» **TASK TO CARRY OUT**
Below is a listing with pictures in it. Copy it exactly without them.

» **DATA EXCERPT**
◆ ◆ ◆ ◆ ◆ ◆ ◆

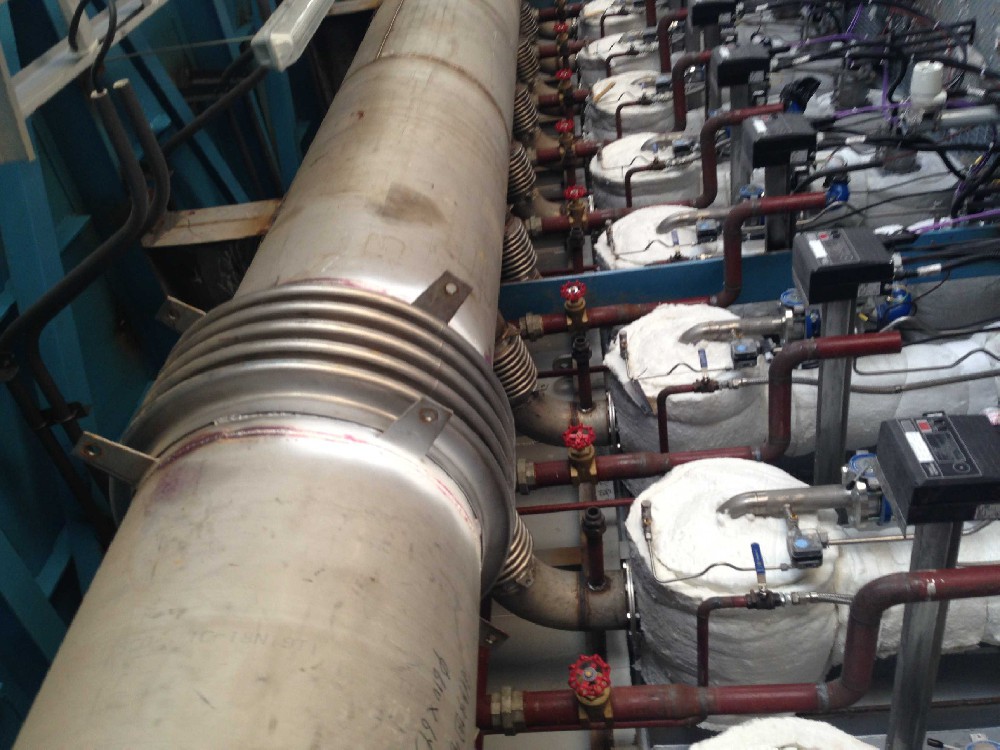 馬鋼合肥120萬噸冷軋薄板項目波紋膨脹節安裝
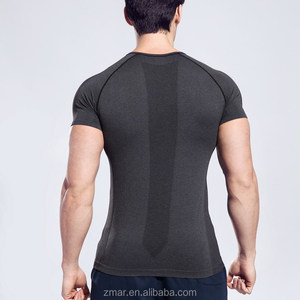 <span class=keywords><strong>เสื้อ</strong></span>ยืดสีขาวล้วนสำหรับผู้ชาย<span class=keywords><strong>เสื้อ</strong></span>ออกกำลังกายโพลีเอสเตอร์แบบสลิมฟิตสำหรับผู้ชาย - Product Image 3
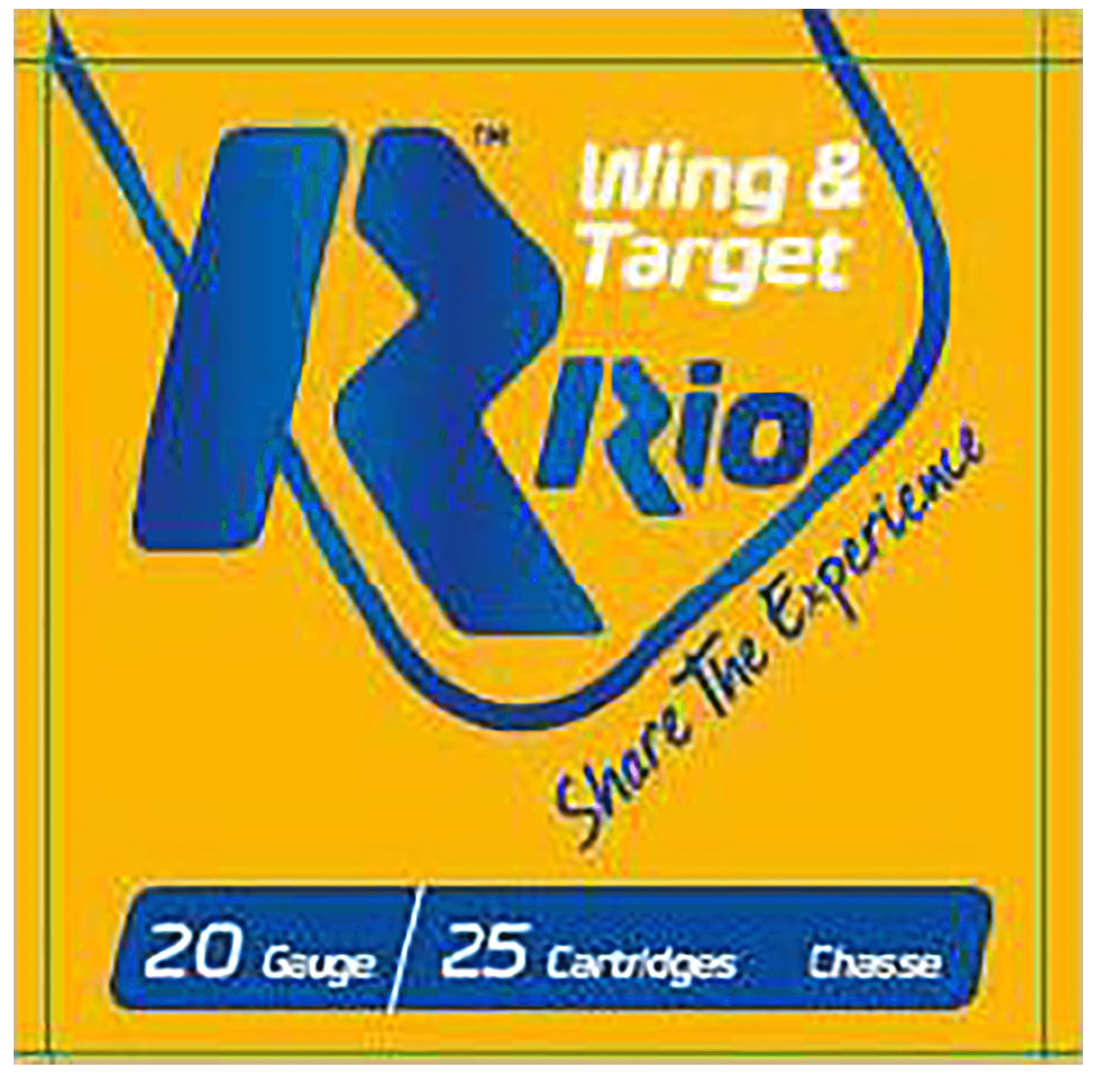 Rio Ammunition WT208 Wing & Target  20Gauge 2.75" 7/8oz 8Shot 25 Rounds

◆ ◆ ◆ ◆ ◆ ◆ ◆

» **WRITTEN REPLY**
 馬鋼合肥120萬噸冷軋薄板項目波紋膨脹節安裝
 <span class=keywords><strong>เสื้อ</strong></span>ยืดสีขาวล้วนสำหรับผู้ชาย<span class=keywords><strong>เสื้อ</strong></span>ออกกำลังกายโพลีเอสเตอร์แบบสลิมฟิตสำหรับผู้ชาย - Product Image 3
 Rio Ammunition WT208 Wing & Target  20Gauge 2.75" 7/8oz 8Shot 25 Rounds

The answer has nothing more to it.